Scientific Computing and Applied & Industrial Mathematics Seminar: Julie Nutini

There has been significant recent work on the theory and application of randomized coordinate descent algorithms, beginning with the work of Nesterov, who showed that a random-coordinate selection rule achieves the same convergence rate as the Gauss-Southwell selection rule. This result suggests that we should never use the Gauss-Southwell rule, as it is typically much more expensive than random selection. However, the empirical behaviours of these algorithms contradict this theoretical result: in applications where the computational costs of the selection rules are comparable, the Gauss-Southwell selection rule tends to perform substantially better than random coordinate selection.

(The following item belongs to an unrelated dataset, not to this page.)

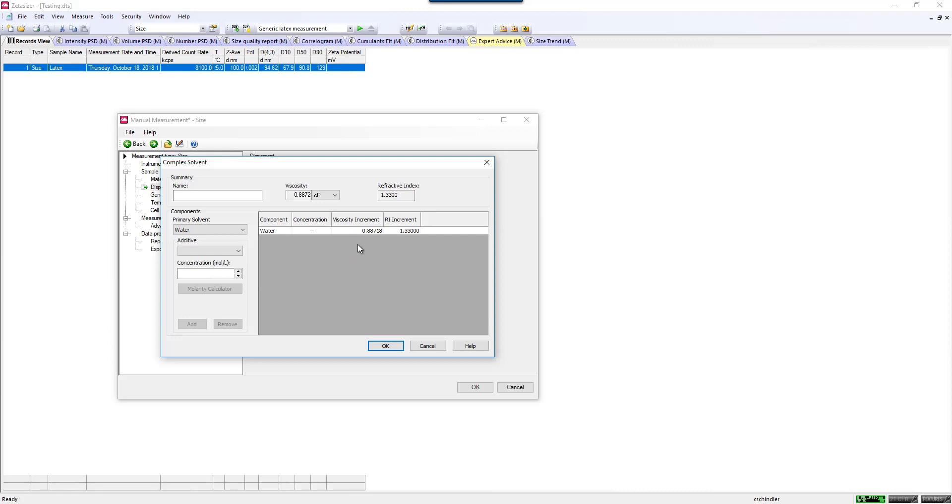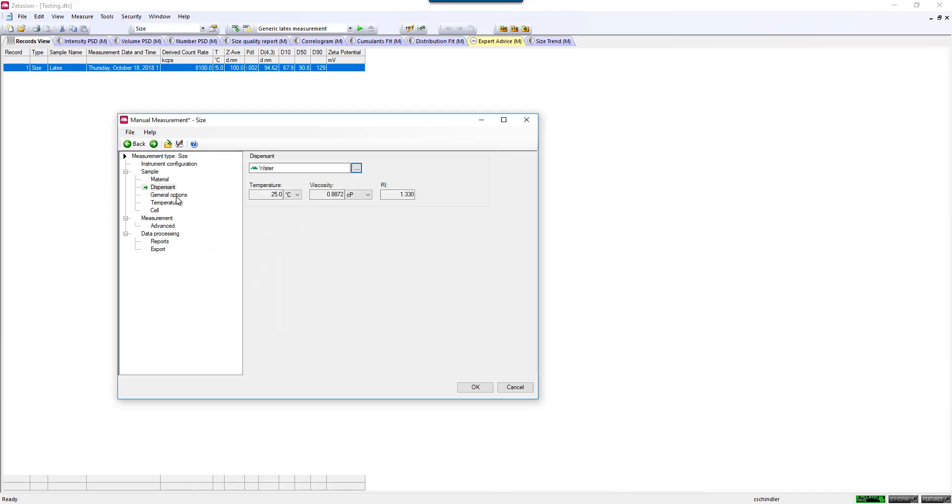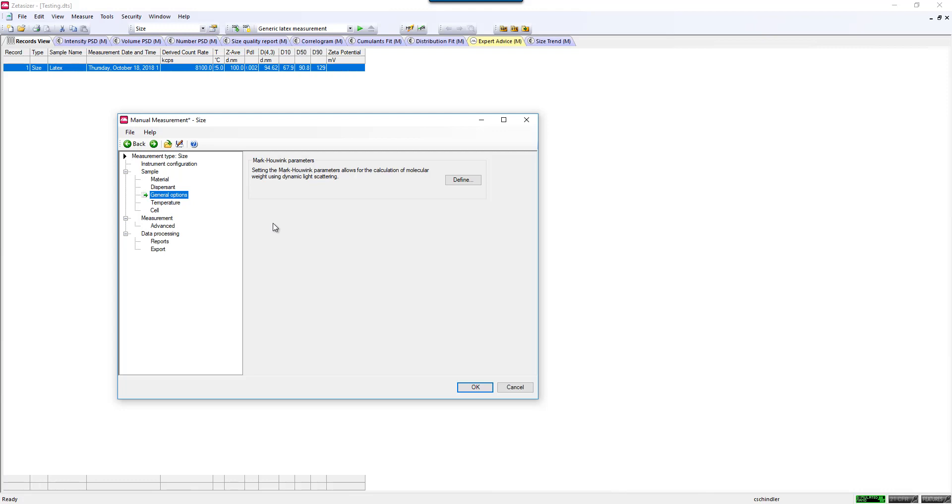Our calculator will increment the refractive index and viscosity for you. The next tab would be the Mark Houwink parameters. This is something that is not critical for the measurement. This would be for calculating a molecular weight or estimating molecular weight using the dynamic light scattering hydrodynamic result.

We give a simple analysis of the Gauss-Southwell rule showing that---except in extreme cases---it's convergence rate is faster than choosing random coordinates. Further, we (i) show that exact coordinate optimization improves the convergence rate for certain sparse problems, (ii) propose a Gauss-Southwell-Lipschitz rule that gives an even faster convergence rate given knowledge of the Lipschitz constants of the partial derivatives, and (iii) analyze proximal-gradient variants of the Gauss-Southwell rule. Joint work with Mark Schmidt, Issam Laradji, Michael Friedlander and Hoyt Koepke.